A live-action television drama adaptation was broadcast from October 3 to December 26, 2005, on TV Tokyo. It was produced by Masayuki Iwata with screenplay by Haruko Nagatsu. The series starred Lead member Hiroki Nakadoi as Taichi Kobayashi, Narumi Konno as Natsu Saitō, Zenjiro as Satoshi Hanamura, Makoto Sakamoto as Hikaru Chikubushima, Kaoru Sumiya as Kaoruko Hojo and Tsuyoshi Kimura as Tsukasa Kirinoin. The series' opening theme song is "Ranning" by The Phanky Okstra and the ending theme is "Play With the Numbers" by Hinoi Team.

All thirteen episodes were released on DVD on February 25, 2006. The series was later re-compiled and released as several discounted volumes: "Abunai Hōkago" and "Ōji-sama no Mitsu no Aji" were released as vol. 1 on October 27, 2006; "Ubatte Darling" and "Furachi na Kyōshi" were released as vol. 2; and "Kiken na Sankaku Kankei" and "Kiss Kiss Kiss" were released as vol. 3 on November 24, 2006. Natsu and Taichi's story arc was compiled as vol. 4 under the subtitle Taichi & Natsu and released on December 15, 2006.

| No. | Title | Directed by | Written by | Original release date |
| 1 | "Episode 1" Transliteration: "Dai-ichi-wa" (Japanese: 第1話) | Unknown | Unknown | October 3, 2005 |
| 2 | "Episode 2" Transliteration: "Dai-ni-wa" (Japanese: 第2話) | Unknown | Unknown | October 10, 2005 |
| 3 | "Episode 3" Transliteration: "Dai-san-wa" (Japanese: 第3話) | Unknown | Unknown | October 17, 2005 |
| 4 | "Episode 4" Transliteration: "Dai-yon-wa" (Japanese: 第4話) | Unknown | Unknown | October 24, 2005 |
| 5 | "Episode 5" Transliteration: "Dai-go-wa" (Japanese: 第5話) | Unknown | Unknown | October 31, 2005 |
| 6 | "Episode 6" Transliteration: "Dai-roku-wa" (Japanese: 第6話) | Unknown | Unknown | November 7, 2005 |
| 7 | "Episode 7" Transliteration: "Dai-nana-wa" (Japanese: 第7話) | Unknown | Unknown | November 14, 2005 |
| 8 | "Episode 8" Transliteration: "Dai-hachi-wa" (Japanese: 第8話) | Unknown | Unknown | November 21, 2005 |
Nao Matsuda makes a romantic date with her childhood boyfriend Miriwo Kinoshita. She makes whiskey bonbons, unbeknownst to Miriwo, who eats several and becomes seductive.
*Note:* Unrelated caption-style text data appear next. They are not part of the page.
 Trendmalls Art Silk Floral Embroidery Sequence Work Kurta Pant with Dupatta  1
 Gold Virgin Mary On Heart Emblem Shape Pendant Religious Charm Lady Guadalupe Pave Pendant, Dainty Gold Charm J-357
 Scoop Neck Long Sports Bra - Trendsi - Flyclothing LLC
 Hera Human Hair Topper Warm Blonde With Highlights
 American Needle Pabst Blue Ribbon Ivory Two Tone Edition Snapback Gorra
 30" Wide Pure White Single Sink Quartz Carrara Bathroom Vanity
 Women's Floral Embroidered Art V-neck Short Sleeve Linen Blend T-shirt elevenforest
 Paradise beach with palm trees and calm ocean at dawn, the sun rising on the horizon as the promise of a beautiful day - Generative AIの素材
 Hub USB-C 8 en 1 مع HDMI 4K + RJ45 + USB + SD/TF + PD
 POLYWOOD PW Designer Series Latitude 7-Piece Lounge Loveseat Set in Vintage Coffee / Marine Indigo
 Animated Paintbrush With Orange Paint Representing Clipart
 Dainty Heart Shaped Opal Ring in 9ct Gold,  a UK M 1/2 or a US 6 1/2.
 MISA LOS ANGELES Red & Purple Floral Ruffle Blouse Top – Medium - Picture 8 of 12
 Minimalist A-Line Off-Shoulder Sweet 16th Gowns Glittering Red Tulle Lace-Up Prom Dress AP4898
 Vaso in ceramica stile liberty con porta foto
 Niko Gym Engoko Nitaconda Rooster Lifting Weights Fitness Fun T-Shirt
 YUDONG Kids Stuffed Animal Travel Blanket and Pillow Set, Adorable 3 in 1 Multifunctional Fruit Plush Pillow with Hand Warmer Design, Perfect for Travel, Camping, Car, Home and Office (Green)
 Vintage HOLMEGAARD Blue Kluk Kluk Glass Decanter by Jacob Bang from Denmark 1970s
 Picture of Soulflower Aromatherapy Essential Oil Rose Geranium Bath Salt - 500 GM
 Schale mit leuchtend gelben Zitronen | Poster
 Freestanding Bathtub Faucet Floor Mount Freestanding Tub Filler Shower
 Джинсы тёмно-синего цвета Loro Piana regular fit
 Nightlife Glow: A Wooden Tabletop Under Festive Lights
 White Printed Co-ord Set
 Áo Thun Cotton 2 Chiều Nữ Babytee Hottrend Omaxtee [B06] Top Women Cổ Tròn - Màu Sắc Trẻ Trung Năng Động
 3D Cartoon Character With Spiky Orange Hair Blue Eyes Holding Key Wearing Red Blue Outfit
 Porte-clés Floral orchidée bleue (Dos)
| 9 | "Episode 9" Transliteration: "Dai-kyū-wa" (Japanese: 第9話) | Unknown | Unknown | November 28, 2005 |
Tsukasa Kirinoin becomes infatuated with Taichi and Natsu, and grows jealous of their relationship. When he forces Taichi onto a bed and kisses him, he is discovered by Taichi's and Natsu's friend, Hikaru.
| 10 | "Episode 10" Transliteration: "Dai-jū-wa" (Japanese: 第9話) | Unknown | Unknown | December 5, 2005 |
With the threat of Kirinoin killing his hamster Angelina, Hikaru refuses to intervene with Kirinoin's plans. While trying to crush Natsu's self-esteem to bring her to him, Kirinoin calls her relationship with Taichi "beautifully fragile." As his obsession reaches its peak, he kidnaps Taichi and Natsu. Finding the hamster Angelina safe, Hikaru reaches the decision to save his friends.
| 11 | "Episode 11" Transliteration: "Dai-jūichi-wa" (Japanese: 第11話) | Unknown | Unknown | December 12, 2005 |
Madoka Mizue is the art club's sadistic president, and when underclassmen Daisuke Yuki joins, she can't help but tease him.
| 12 | "Episode 12" Transliteration: "Dai-jūni-wa" (Japanese: 第12話) | Unknown | Unknown | December 19, 2005 |
Chizuru Kanno has a crush on her classmate Maki Nakajō, who constantly ignores her. She happens upon Senri Nakajō, Maki's older brother, who is a devil with an angel's face. Lustful for Senri, she tries to remember her love for Maki.
| 13 | "Episode 13" Transliteration: "Dai-jūsan-wa" (Japanese: 第13話) | Unknown | Unknown | December 26, 2005 |
Taichi decides to go to an inn operated by a relative of Chikubushima with four others guys, including Yakkun and Goro, who negatively influence him. Meanwhile, Natsu's grades are falling and she feels as though she should give up if she did poorly on her final. While walking, she meets Yuinoka, who people believe is mentally unstable. The two become more acquainted as they walk around town.